関西写壇の中心にいた安井仲治は、41年10月に朝日新聞社主催の「新体制国民講座」の一環で「写真の発達とその芸術的諸相」というテーマで講演を行った。そこで、現在では報道的任務が「唯一の写真家としての途」とされるが、自分はその立場にはない、だが、どのようなかたちでも「写真を正しい姿に発展させて行きたい」と語った。そのためには「全人格的な写真家の修練とカルチュアーが必要」であり、「技術以上に全人格としてこれを行わなくてはならない」とし、明治天皇の御製を引用して「戦の庭に立つも立たぬも」同じ写真の「道」だと説いた。

 彼を慕っていた浪華写真倶楽部の小林鳴村は、この講演を見ていた。すると熱を帯びてしゃべる安井の顔が、しだいに仏像のように見えだし「不吉な予感に慄然(りつぜん)としながら」いつしか涙が流れてきたと振り返っている。

 小林の予感は的中する。このとき安井は高血圧と腎臓の病を得ていて、それもかなり進行していた。のちに「写真文化」の編集長になる石津良介は、おそらく丹平写真倶楽部の東京展のためだったと思われるが、病を押して上京した安井と会い、銀座の酒場でこう頼まれたという。

「これからどんな世のなかになっても、写真文化の火は、たとえどんなに小さい灯でもよいのです。この灯だけは消さないで下さいね」

 翌42年3月15日、安井仲治は39歳の若さでこの世を去った。それは「アサヒカメラ」廃刊号発行の10日ほど前に聞こえてきた悲報だった。

統合から廃刊まで

 日中戦争以降、どの出版社も印刷用紙の調達に苦労するようになった。それは当時、最大部数を誇っていた朝日新聞社でも同様だった。東京と大阪の出版部門が統合されて出版局(現在の朝日新聞出版の前身)が誕生した38年には、雑誌用紙の割り当て全体が2割削減されている。それからページ数は微減を続け、本誌40年9月号には「節紙国策」のため、以降は予約販売制になるとの告知が出された。

 その年の12月には情報局のもとに統制団体である日本出版文化協会が設立され、翌年には日本出版配給も設立された。政府や情報局はこうした統制団体を通じて用紙の調達から配本までをコントロールし、出版界を指導したのである。
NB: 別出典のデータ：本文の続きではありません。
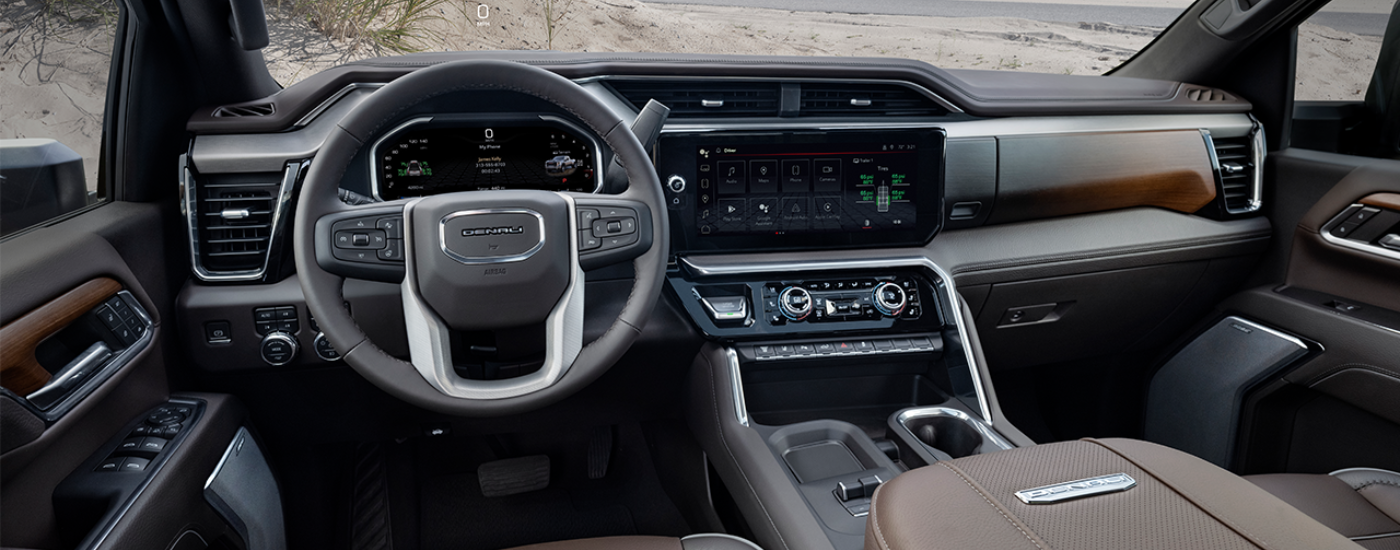 Brown and black leather interior of a 2027 GMC Sierra 2500 Denali Ultimate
 ところが『朝日新聞出版局50年史』には、出版局に対して「言論の統制はなかった」と書かれている。その理由は、のちに廃業を命じられる中央公論社や改造社のように総合雑誌を持たず、情報局の指示に対して忠実に自己規制を行い、それゆえ利用価値が認められたからだと推測されている。

 また日米開戦を経るなかで、全体に占める出版局の売り上げの比重は高まっていた。新聞の制作は従軍記者を戦地に送るなどで費用がかさむ一方、紙幅とともに広告収入が減ったのだ。それを雑誌や書籍の売り上げがカバーしていたため、「敗戦の破局にいたるまで、平穏に発展」することになったと、同書の編者は苦々しく振り返っている。
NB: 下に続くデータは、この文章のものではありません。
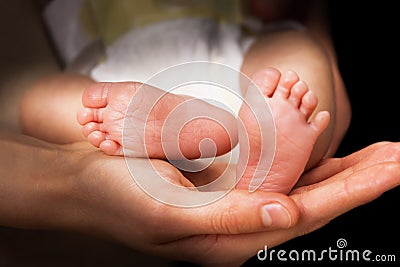 Moms hands holding baby s feet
 何より出版界に衝撃を与えたのは、40年7月に新聞・雑誌の統廃合が指示されたことで、翌年1月号からは写真雑誌も以下の4誌に絞られてしまった。つまり大衆写真雑誌「アサヒカメラ」(「芸術写真研究」「肖像写真研究」を吸収)、綜合写真雑誌「写真文化」(アルス・「カメラ」「写真サロン」「カメラクラブ」が統合)、報道写真雑誌「報道写真」(写真協会・「フォトタイムス」「カメラアート」が統合)、写真技術研究雑誌「写真日本」(明光社・「小型カメラ」「アマチュアカメラ」「光画月刊」が統合)である。このほか廃刊したタイトルも少なくない。
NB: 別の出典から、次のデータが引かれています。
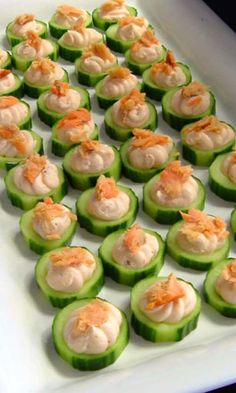 small cucumbers with shrimp on them sitting on a white platter, ready to be served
 幸い存続した本誌だったが、家庭写真、科学写真、報道写真を中心とした誌面になっている。また、すでに敵国となっていたアメリカに対する対抗心を扇動するページが増えている。例を挙げると41年6月号から3回連載された「我が南方の共栄圏」では東南アジア各国の風俗写真を、金丸重嶺がグラフ構成に仕立てたもの。写真は観光的だが、アメリカの野望を打破し、日本の指導でブロック化したときのために視覚的教養を提供するのが目的だった。

 10月号はオール戦争特集である。グラビアは「挺身東亜の再建へ」「前線に捧げる臨戦銃後都会の報告」「力強き銃後」「第二次世界大戦の表情」が、特集記事には「戦争と写真科学」「戦争と写真宣伝」「写真も国防第一線に出でよ」などに占められた。ただし、これほど忠実に自己規制を行っても、趣味の雑誌に対する紙配給は減らされるほかはない。次号から現行の130ページから30ページほど薄く、定価を80銭から50銭に下げた「新体制版へ」の移行が告知されている。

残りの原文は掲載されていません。